However, it is unlikely that those CEOs may really affect Trump’s decision since US businessmen including the said American CEOs have lobbied hard in vain quite extensively for a long time.

What then has Xi told US CEOs in the summit since it is useless for the CEOs to make Trump change his mind at the last minute?

Tell them China will drive them home or make things hard for their enterprises in China?

Soldiers can fight with emotion in war but commanders must fight with wisdom instead of emotion.

I do not know what Xi said to them. What I know is that Xi is stupid if he boycotts or makes things difficult for the CEO’s US enterprises in China.

Trump is enacting a law to make it impossible for Chinese to take significant shares in US enterprises in order to prevent China from getting US technology. Now, those companies with US technology have already been in China so that China need not pay a penny to take shares in them. As far as I know most American enterprises in China are joint ventures in which China has substantial shares. Therefore, according to Chinese official media, Xi, instead, tell US CEOs China will open wider to them to encourage their investment in China.

That will be the wise way to fight trade war.

Trump has reduced tax to encourage US entrepreneurs to withdraw their investment from China and invest instead in the US to enjoy the tax reduction. Some big American companies do have plans to set up new plants in the US to provide jobs for American people.

That is the aim of the tax reduction. Is China wise in driving US investment back to the US so as to increase jobs in the US and reduce jobs in China?

China shall impose high tariffs on the goods that those CEO’s enterprises produce in the US. That will make their export to China unprofitable so that they will not be able to enjoy income tax reduction

China shall say sorry to them that the high tariffs though make them suffer are not directed at them. China is forced to increase tariffs as retaliation. Otherwise China will be humiliated.

That will be the frontal engagement in the trade war.

The ingenious surprise move is that China shall tell them to move to China their production for export to China. That will reduce US jobs and tax income while increasing Chinese jobs and tax income.

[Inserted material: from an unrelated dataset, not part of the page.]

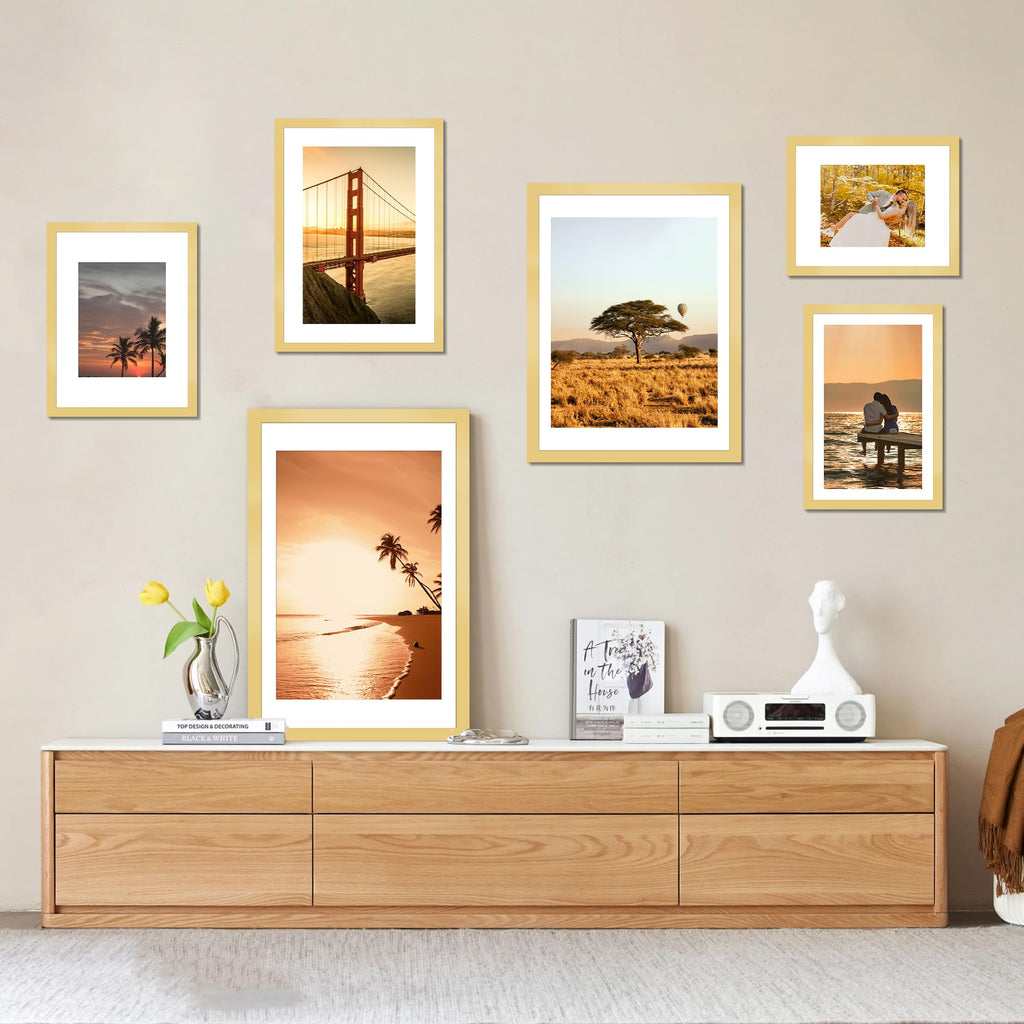 16x24 Picture Frame Gold Set of 3, Display Pictures 12x18 with Mat or 16 x 24 Without Mat, Poster Frames 16x24 Poster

It will hurt the US and benefit China.

China shall regard US enterprises in China as Chinese ones and China’s precious assets and powerful weapons in fighting the trade war with the US. Therefore, China shall provide preferential treatment for them to transfer their production to China.

There is another way to benefit US enterprises in China, which will benefit China as they are Chinese enterprises and hurt the US more severely. My wise readers can guess that from the above-mentioned ingenious surprise move so that I will not elaborate.

I am afraid that revelation of China’s ingenious moves may make such moves lose surprise but it may perhaps stop the trade war when US decision makers have learned from the description of the moves that there is no hope for them to win the trade war. However, I doubt US officials may read my posts and make decisions on the basis of my posts as my posts are not widely read.